Sunday, July 18, 2010

Editorial: Money Talks

Times Argus
Published: July 18, 2010

Vermont Democrats are discovering one of the difficulties created by a contested primary. In the latest campaign finance reports from the six candidates in the governor’s race, Republican Brian Dubie has reported contributions of $943,961. The combined total for the five Democrats in the race is $1,491,375. But because they are battling it out among themselves, win an eye on the August primary, none of them comes close to matching Dubie.

Dubie, the popular lieutenant governor, has managed to carry on a low-key campaign in this early stage, though he also has managed to spend about half of the money he has raised so far. That money is either going toward building a solid foundation for his campaign, or else it is being frittered away.

The Democrats, too, have each spent about half of their contributions, more or less. They are involved in a spirited battle to distinguish themselves from their competitors, and they need to spend the money now.

Secretary of State Deb Markowitz began her campaign early with the aim of locking up some of the major contributors for herself, and her finance figures reflect her success. She leads the pack in fundraising with $523,946 reported so far.

Sen. Susan Bartlett trails the pack, reporting only $70,920 so far. Bartlett issued a statement before the release of the numbers as a kind of preventive strike against what she called the “political pundits” who would deploy the conventional wisdom to assert that her relative lack of money would doom her candidacy. She said she always knew she would raise less money than the other candidates and she planned to run a low-budget campaign. She presents herself as an underdog — like the 2004 Red Sox — and also a Howard Dean Democrat willing to make hard choices about state finances. As chairwoman of the Senate Appropriations Committee, she has established credibility on financial questions, though she has not necessarily established visibility around the state.

Among the other three Democrats, Sen. Douglas Racine reported raising only $210,158 so far. Former Sen. Matt Dunne has raised $267,861, and Sen. Peter Shumlin has raised $418,490. Racine’s relatively modest sum comes as a surprise given his success in winning several high-profile endorsements from labor organizations and given his long history in Chittenden County politics. Shumlin’s total was boosted by a contribution of $166,787 that he made personally to his campaign.

The difficulty for the Democrats is that they will have to spend a good portion of what they raise just to get past the Aug. 24 primary. Dubie can marshal his resources for the General Election. Even having spent half of what he has raised, he has a healthy advantage over the Democrats so far.

But as Bartlett reminds us, “If money alone determined the outcome of an election, Jack McMullin would have beaten Fred Tuttle.” Jack McMullin was the wealthy Republican who moved to Vermont and soon thereafter entered the race to defeat Sen. Patrick Leahy. He didn’t count on the late Fred Tuttle, the retired and hobbling old farmer from Tunbridge, who used subversive Yankee wit to undermine McMullin’s credibility. How many teats on a cow? McMullin didn’t know. Tuttle won the Republican primary and went on to endorse Leahy.

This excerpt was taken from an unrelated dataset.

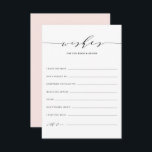 Minimalist Script Wishes for the Bride and Groom Advice Card<br><div class="desc">Minimalist Dainty Script Wishes for the Bride and Groom Card. Modern and elegant wedding well wishes card featuring whimsical script,  classic typography and blush pink back colour. This wedding well wishes card is perfect for any wedding theme. Customise the back by adding a photo or other image.</div>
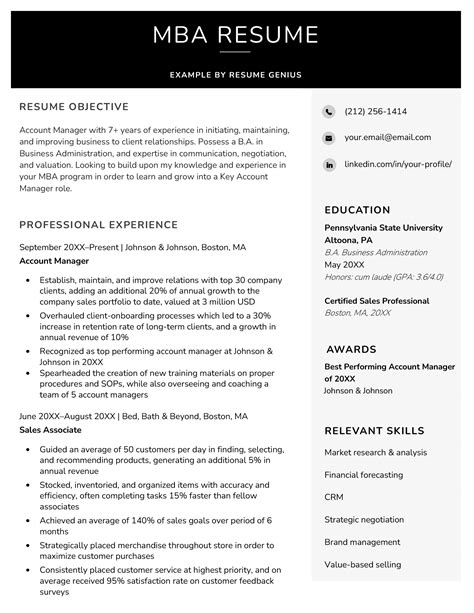 How to Write an MBA Resume .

Bartlett is no Tuttle. She is a serious, if underfunded, candidate. But Dubie is no McMullin; nor is the Democrats’ fundraising leader, Markowitz. All are serious candidates with credible records and diverse strengths and weaknesses. Enter a conversation with Vermont Democrats this summer, and while each of the candidates has committed supporters, many Democrats scratch their heads wondering which of several good candidates to back.

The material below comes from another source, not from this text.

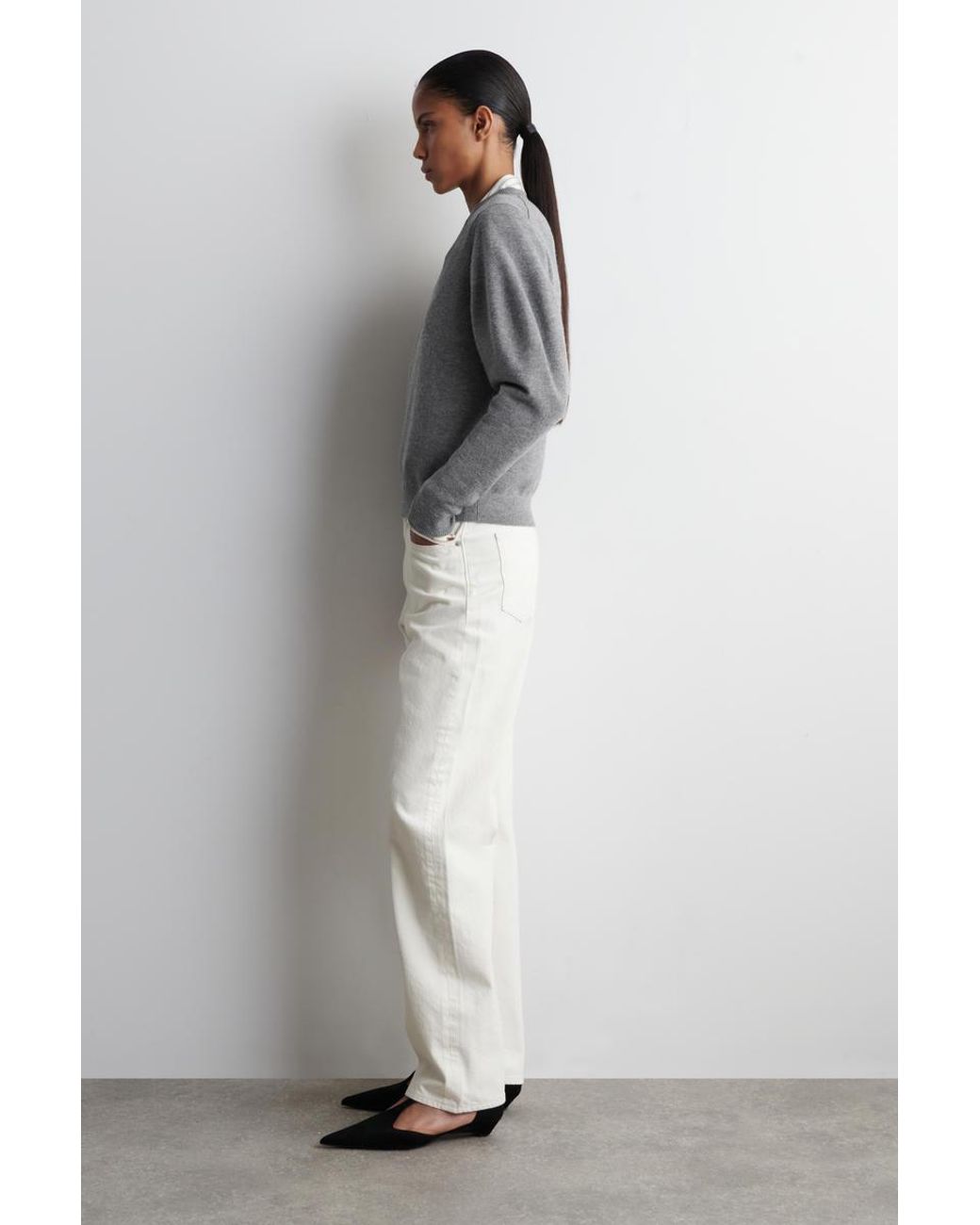 COS Gray Balloon-Sleeve Merino Wool Jumper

It is a sign of the times that the candidates have gravitated toward positions that have many themes in common. Markowitz has issued an action plan for the economy in order to build jobs. The other candidates have their own proposals for creating jobs.

Dubie, meanwhile, stands firm with what for eight years has been Republican orthodoxy: shrink government and cut taxes. It is a message that resonates with Republicans. The Democratic candidates are betting that Vermonters, after the eight-year administration of Gov. James Douglas, are looking for more. Their battle to win the chance to make that case now enters its critical phase.